* Stored data *
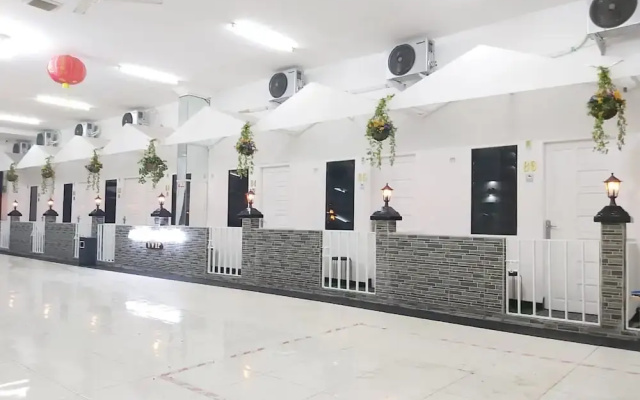 Alex Hostel 2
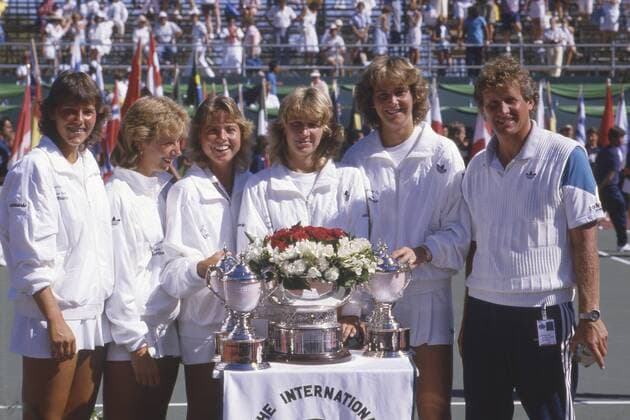 Tennis Federation Cup 1987 in Vancouver: Siegerehrung fuer das Team Deutschland mit (von links) Claudia PORWICK, Silke MEIER, Bettina BUNGE, Steffi GRAF, Claudia KOHDE-KILSCH und Coach Klaus HOFSAESS, Jubel mit Pokal, Querformat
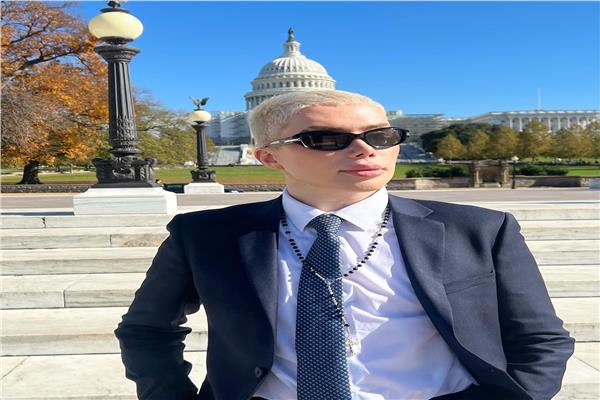 متحول جنسيًا "أولي لندن"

* What this task involves *
Keep every word of the data as it is when you write it out, but drop the pictures.

* Response to this exercise *
 Alex Hostel 2
 Tennis Federation Cup 1987 in Vancouver: Siegerehrung fuer das Team Deutschland mit (von links) Claudia PORWICK, Silke MEIER, Bettina BUNGE, Steffi GRAF, Claudia KOHDE-KILSCH und Coach Klaus HOFSAESS, Jubel mit Pokal, Querformat
 متحول جنسيًا "أولي لندن"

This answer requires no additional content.